Work order: In the records below, find the line with "3013 Brackenridge St — Photo 20" and the line with "Building Photo - 2212 Linda Flora Dr". Print both exactly, along with every line between them, and no other line.

Records provided:

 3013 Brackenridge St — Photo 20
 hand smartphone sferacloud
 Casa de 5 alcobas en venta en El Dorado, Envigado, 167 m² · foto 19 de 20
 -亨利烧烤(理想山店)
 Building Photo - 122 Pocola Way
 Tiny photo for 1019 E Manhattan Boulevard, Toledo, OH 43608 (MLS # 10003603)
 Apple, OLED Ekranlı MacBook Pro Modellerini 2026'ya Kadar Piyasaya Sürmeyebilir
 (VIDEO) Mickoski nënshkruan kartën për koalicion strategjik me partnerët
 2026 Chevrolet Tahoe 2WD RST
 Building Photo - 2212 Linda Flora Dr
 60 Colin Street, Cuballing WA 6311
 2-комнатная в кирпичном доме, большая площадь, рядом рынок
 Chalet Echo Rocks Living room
--
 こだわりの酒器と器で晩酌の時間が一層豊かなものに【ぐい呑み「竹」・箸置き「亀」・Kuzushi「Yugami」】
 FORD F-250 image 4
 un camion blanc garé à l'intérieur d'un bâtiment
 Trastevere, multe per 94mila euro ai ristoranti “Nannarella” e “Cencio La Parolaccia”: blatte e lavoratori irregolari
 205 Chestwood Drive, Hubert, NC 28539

Task answer:
 3013 Brackenridge St — Photo 20
 hand smartphone sferacloud
 Casa de 5 alcobas en venta en El Dorado, Envigado, 167 m² · foto 19 de 20
 -亨利烧烤(理想山店)
 Building Photo - 122 Pocola Way
 Tiny photo for 1019 E Manhattan Boulevard, Toledo, OH 43608 (MLS # 10003603)
 Apple, OLED Ekranlı MacBook Pro Modellerini 2026'ya Kadar Piyasaya Sürmeyebilir
 (VIDEO) Mickoski nënshkruan kartën për koalicion strategjik me partnerët
 2026 Chevrolet Tahoe 2WD RST
 Building Photo - 2212 Linda Flora Dr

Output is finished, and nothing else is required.